In book design, as with many things in life, simplicity is better. With hundreds of thousands of books released each year, publishers must make their titles stand out and communicate to prospective buyers instantly. Sometimes this is as simple as featuring the author’s name big and bold (John Grisham, Sue Grafton, etc.), and sometimes it is with a straightforward photo or illustration.

And many times it is the title. Titles can be mysterious or informative, plain or controversial, but one rule is common across genres and designs: rarely the title more than four or five words. Many times, in fact, it is far less: one word. A title should be memorable, easy to recommend or request as a gift. A title strives to be as short as possible, without becoming generic. If it sounds generic (House, Baseball, etc.) the design must step up to make it stand out.

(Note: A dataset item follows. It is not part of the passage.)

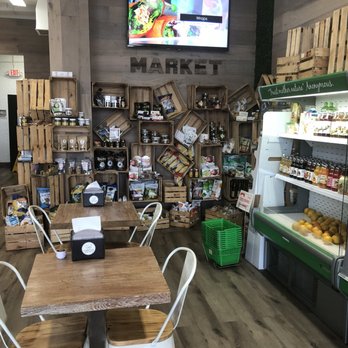 Fresh Salad - Juice Bars & Smoothies Near Me - Doral, Florida Fresh Salad - Juice Bars & Smoothies Near Me - Doral, Florida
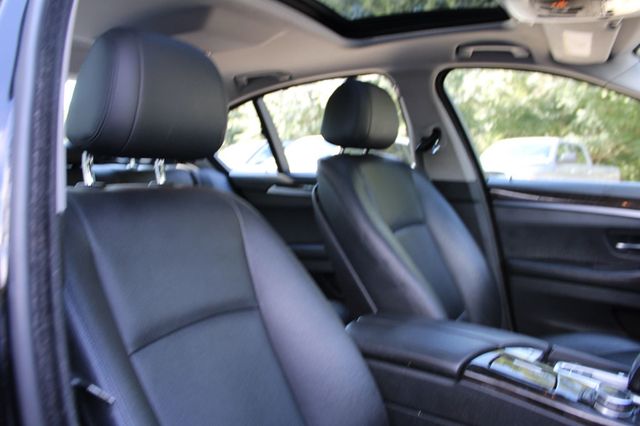 2015 BMW 5 Series 535i - 22905897 - 34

There is a part of the bookstore that trades in these catchy one-word titles more than any other: the history section. Here a browser can find all sorts of intriguing titles—for example Coal, Wood, Drink, Salt, and Cod. Each of these books takes a single subject and explores its place in history. The appeal lies in the magnification of a seemingly mundane object and its concomitant contextualization in the grand story of human history. This naming technique could theoretically be almost infinitely adapted : War, Computer, Book, etc., simply by distilling an otherwise obscure or complicated matter into a neatly defined title. This makes the book appear to be the definitive source on the subject at hand, a must-read for anyone with an interest in that topic.

As a bibliophile myself, I am consistently drawn in by books like Cod and Wood. I may not have cared a whit about Cod before, but seeing an entire book written about its significance suddenly makes me very curious. Reading books like these enables one to experience history from a new perspective. Rather than reading a linear account of 18th century European commerce, one sees the role that the cod trade played in this story. It’s a fascinating and enjoyable way to digest potentially dry facts and events, and a niche genre of non-fiction I highly recommend.